A Real-Time In-Memory Discovery Service
The dissertation with the title “A Real-Time In-Memory Discovery Service” discusses how to efficiently retrieve track and trace information for an item of interest that took a certain path through a complex network of manufacturers, wholesalers, retailers and consumers.
An example that is used throughout this dissertation is the European pharmaceutical supply chain, which faces the challenge that more and more counterfeit medicinal products are being introduced. Between October and December 2008, more than 34 million fake drug pills were detected at customs control at the boarders of the European Union. These fake drugs can put lives in danger as they were supposed to fight cancer, take effect as painkiller or antibiotics, among others. The European Commission is aware of this problem and wants to leverage supply chain validity in order to determine whether a certain package of pharmaceuticals is genuine or not. While using this example, the work is applicable to many other scenarios as well.

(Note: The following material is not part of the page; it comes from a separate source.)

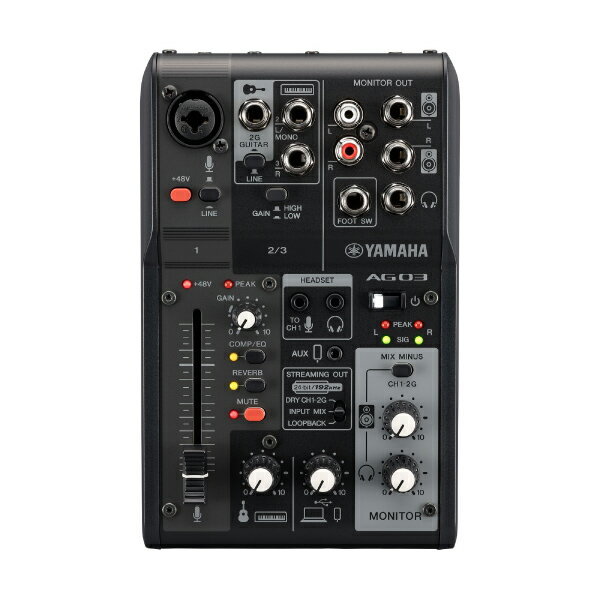 取り寄せ・欠品中の入荷目安次回入荷予定 : 未定AG03MK2 Live Streaming Mixer3チャンネルライブストリーミングミキサー・60 mmフェーダー(CH1)・+48 V ファンタムパワー (CH1)・エレキギター用Hi-Z入力 (CH2)・高解像度 (24-bit 192kHz)の 2トラック録音再生・新たな配信スタイルをカバーする4極ミニ入出力端子 (TRRS)・柔軟な LOOPBACK 機能・ミュートボタン・豊富なエフェクト(アンプシミュレーターとワンタッチREVERB、COMP/EQ)・AG Controller(Windows/Mac/iOS対応)・Windows/Mac USB-C接続対応・iOS : 外部電源供給のため Apple カメラアダプターの使用を推奨・Android: 4極ミニ入出力端子(TRRS)接続により対応・USB-C 電源入力 (5V DC、900mA)・スタイリッシュなデザイン(ホワイト/ブラック2色のバリエーション)・堅牢なメタルシャーシ・Cubase Al、WaveLab Cast、Cubasis LE, Rec'n'Share利用可能■ 直感的で即応性の高い音声コントロールYamaha AG03: Fast intuitive control of essential streaming functionsミキサー型製品であるAG03MK2には、多くの物理操作子が集まっており、配信中のとっさの判断によるマイク入力音のミュートを始め、直感手且つストレスフリーな音声操作を可能とします。フットスイッチ(FC5: 別売)を接続することで、リバーブや音声ミュートのオン/オフを足元で操作することも可能になります。■ 配信スタイルを拡張する豊富な入力系統とLoopback機能AG03MK2には、好みのコンデンサーマイクを接続可能なマイク入力に加え、ギター(HI-Z)／ライン楽器を接続可能な入力端子、さらにはスマートフォン用にアップグレードされた4極ミニ入出力(TRRS)端子が搭載されています。もちろん従来機と同様にLoopback(ループバック)モードでUSBで接続された機器からの音声を配信音に加えることも可能です。■ パワーアップした内部回路による音質向上USB-C採用とともに改善された内部回路によりAG03MK2は従来モデルに比べ音質も向上し、さらにプロフェッショナルなレベルでの配信を可能にします。また、USB-Cの信号転送と電力供給の性能は安定した動作をご提供します。■ スマートに音をブラッシュアップする遅延のないDSPエフェクトAG03MK2には、音量を整えるコンプレッサー(COMP)、音域ごとにバランスを調整するEQ、響きを付与するREVERB、さらにはギターアンプを再現するアンプシミュレーター(AMP SIM)までもが搭載されています。これらによりあなたの音の最も魅力的な箇所を強調したり、つないだエレキギターを生々しくドライブしたサウンドに変えたりと最高な状態であなたのオーディエンスに届けることができます。 これらすべてはAG内部搭載のDSPチップ処理され遅延とは無縁です。ライブ配信のようなリアルタイム性が求められるシーンでは特に強力な味方になるでしょう。もちろん、収録した音をミックスエンジニアに渡し後編集処理を施すといった場合には、これらのエフェクトを一旦オフにして録音に臨むことも可能です。■ 初心者にもこだわり派のあなたにも理想的な音声コントロール体験を提供する「AG Controller」新たに設計し直されたAG Controllerでは、「Simple」と「Detail」の2つのモードを用意しました。AG03MK2とUSBでつながったWindows/Mac、またはiOSデバイスからAG内部のDSP音声処理を簡単に、または細かく確認・設定することができます。■ 場所を選ばないあなたのためのミニマルな配信ステーションAGのスリムで洗練されたボディは置き場を選びません。別売りのマイクスタンドアダプターBMS-10Aと組み合わせることでマイクスタンドにも設置することも可能です。さらにモバイルバッテリーと組み合わせて使えば場所を問わずあなたのためのミニマルな配信ステーションを構築することが可能です。※AG03MK2の安定した動作のためには、DC 5V 900 mA以上の安定した電源供給が必要です。■ 強力なバンドルソフトウェアYamaha AG03: Powerful production software includedAG03MK2には、音楽制作のためのCubase AIや配信音声制作・編集に最適なWaveLab Castといったソフトウェアがバンドルされています。その他にもiOSデバイス用アプリとしてRec'n'Share (Yamaha)、Cubasis LE (Steinberg) にも対応し、あなたの音声コンテンツ制作を強力にサポートします。[仕様情報]AG03MK2仕様入力チャンネルモノラル(MIC/LINE) : 1 - コンボ (Mic, +48 V ファンタム電源 / Line), 3.5 mm ステレオミニ (ヘッドセットマイク, プラグインパワー) *CH1 入力とヘッドセットマイクは同時に使用不可Smartphone : 1 - 4極ミニ入出力 (TRRS)USB : 1入力チャンネルステレオ(LINE) : 1 - ステレオ (LINE) / モノラル (Guitar)出力チャンネル : PHONES : 1 - 6.3 mm ステレオ ヘッドホン, 3.5 mm ステレオミニ ヘッドセット *同時に使用不可Smartphone : 1 - 4極ミニ入出力 (TRRS)MONITOR OUT : 2 - L/R ステレオ: Phone, RCAバス : 1 ステレオ機能 : MUTEボタン x 1, PADボタン x 2, HI-Zボタン x 1, STREAMING OUT (DRY CH 1-2G / INPUT MIX / LOOPBACK), MIX MINUS (ON / OFF)シグナルプロセッサーDSP : COMP/EQ, REVERB, AMP SIM *詳細はAG Controllerで設定USBUSB オーディオ : 2 IN / 2 OUT, USB Audio Class 2.0 Compliant, サンプリング周波数: 最大 192 kHz, 量子化ビット数: 24-bit, Type-CUSB DC 電源入力 : 1 - Type-C, 5 V DC, 900 mA電源電圧 : 5 V DC, 900 mA消費電力 : 最大 4.5 W寸法幅 : 126 mm高さ : 63 mm奥行き : 201 mm質量 : 0.8 kg同梱品USB2.0 ケーブル (1.5 m), クイックガイド, セーフティガイド, Wavelab Cast Download Information, Cubase AI Download Informationその他動作環境温度: 0 to + 40 ℃[保証期間]1年間[メーカー]ヤマハ YAMAHA型番JANAG03MK2 B4957812677332[性能] 3ch[用途] ライブ配信[端子] 6.3mm(1/4インチ)[端子] XLR[色] ブラック[規格] USB Type-C[規格] mini-pinYAMAHA AG03MK2 3チャンネル ライブストリーミングミキサー ブラック # AG03MK2 B ヤマハ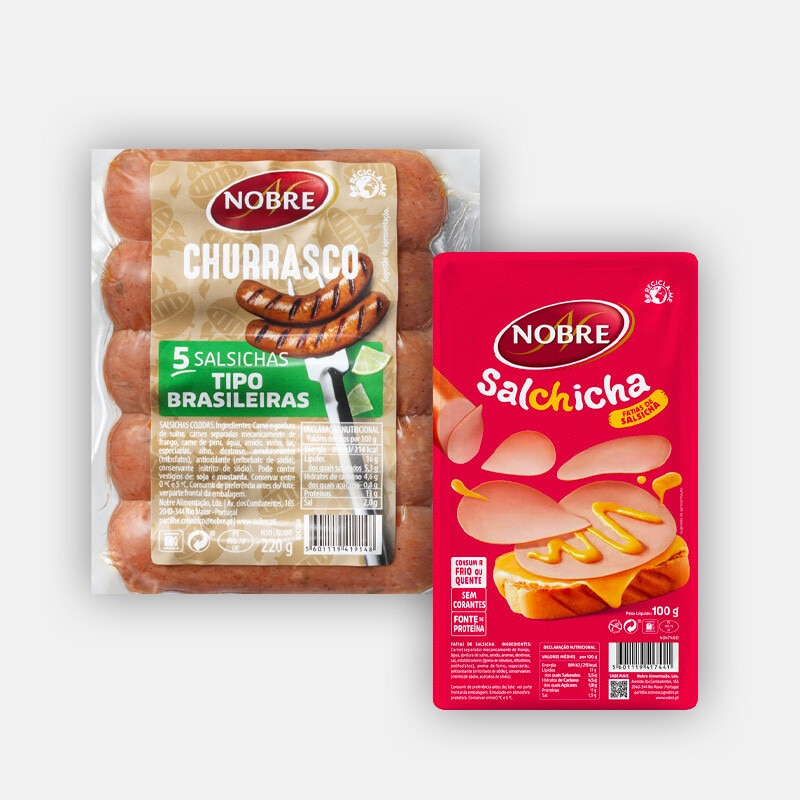 Exclusivo Online, oferta Nobre Salchicha 100 g e Salsichas tipo brasileira 220 g na compra de 2 unidades Nobre, assinaladas, iguais ou combinadas - 17 a 30 de outubro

This will be possible in the future because all products are equipped with a unique identifier. At strategic points in the supply chain, readers are installed. If a uniquely identified item is in the perimeter of the reader, a read event is created. Read events are stored in read event repositories, which are operated by the company where the read event took place. As items can be packed into uniquely identified boxes and containers, hierarchical packaging relationships are created and have to be considered. The supply chain for an item of interest comprises all companies the item passed in it’s lifecycle.
As read events are company-sensitive data, they are not shared with the public. Thus, a special information system is necessary to identify all relevant read events for a certain item of interest – this is the discovery service. Put in relation to read event repositories, the discovery service is a superordinate entity that supports and coordinates inter-organizational collaboration and information retrieval in a so called unique identifier network.

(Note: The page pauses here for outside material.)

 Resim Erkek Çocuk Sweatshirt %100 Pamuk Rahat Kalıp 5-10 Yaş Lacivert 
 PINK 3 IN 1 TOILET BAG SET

In the course of this dissertation, a discovery service is designed that explicitly includes hierarchical packaging relationships. That way, it differentiates from all existing discovery service approaches. This innovation allows for a new communication concept between requestor, discovery service, and relevant read event repositories, such that a minimal number of messages has to be exchanged. Furthermore, requestors get the response in real-time and the discovery service usage is more simplistic. Thus, also thin devices such as point-of-sale terminals and mobile devices can easily submit queries to the discovery service. Only re- quired data is transferred from read event repositories to the discovery service. The companies that own the read event repositories remain full data ownership about their read event repositories. The resulting complexity at the discovery service is dealt with by two algorithms. The first algorithm is an efficient and heuristic search algorithm. The second algorithm is called filter algorithm as it processes all read events returned by the search algorithm and evaluates whether they are valid for a given item of interest or not.

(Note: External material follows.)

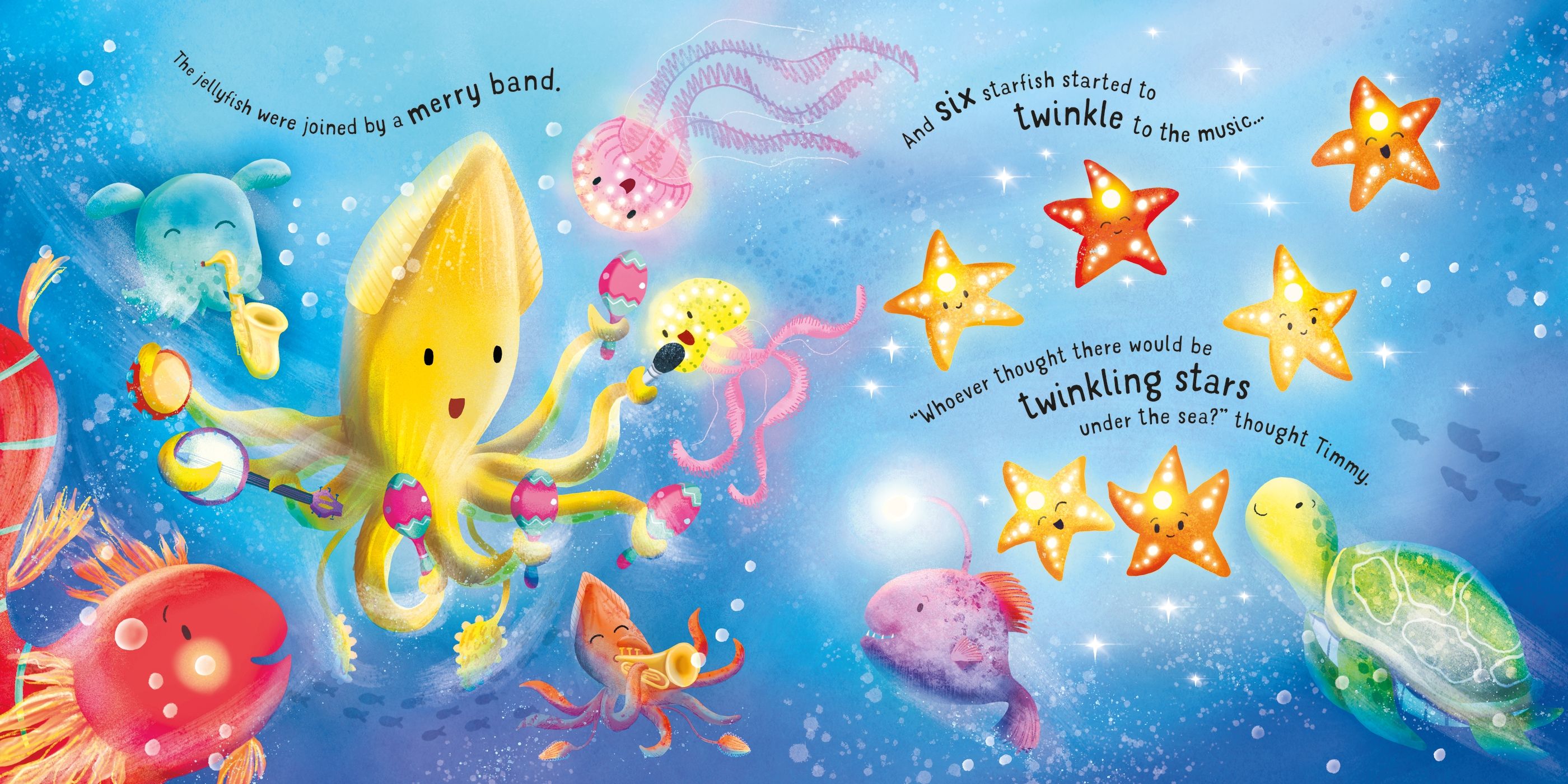 Carte cu sunete și lumini, Twinkly twinkly under the sea, Usborne + 6 luni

In addition to the communication protocol, the search algorithm, and the filter algorithm, the data management, which is developed in the dissertation is optimized for column-oriented in-memory databases with dictionary encoding. This opens the opportunity to handle the data volume that occurs in so called “Unique Identifier Networks”. In the example of the European pharmaceutical supply chain, approximately 15 billion packages of prescription-only pharmaceuticals are sold per year. These packages are subject to unique identification, which results in about 35 billion read events that have to be processed by the discovery service.
In the present dissertation, the discovery service was prototypically implemented using JAVA as the programming language and SAP HANA as the database of choice. The evaluation shows that the data volume of a large unique identifier network could be reduced to a manageable size. For the complete European pharmaceutical supply chain, only 600 GB of main memory is necessary – a size, which is commercially available for enterprise servers. The compression factor is approximately 17. Furthermore, it is shown that
- the data can be loaded into the discovery service fast enough, i.e. the required 8,000 read events per second can be processed,
- the throughput of the discovery service is high enough, i.e. about 20 servers are sufficient to cope with 2,000 discovery service queries in the European pharmaceutical supply chain,
- the developed discovery service is scalable.
Selected further areas of application are the effective support of recalls, company- spanning supply chain optimization, and pattern recognition in supply chains. As the presented discovery service approach explicitly integrates changes in packaging hierarchies, this approach can easily be mapped to bill of material problems, e.g. to identify all parts of an airplane and their history at an arbitrary point in time.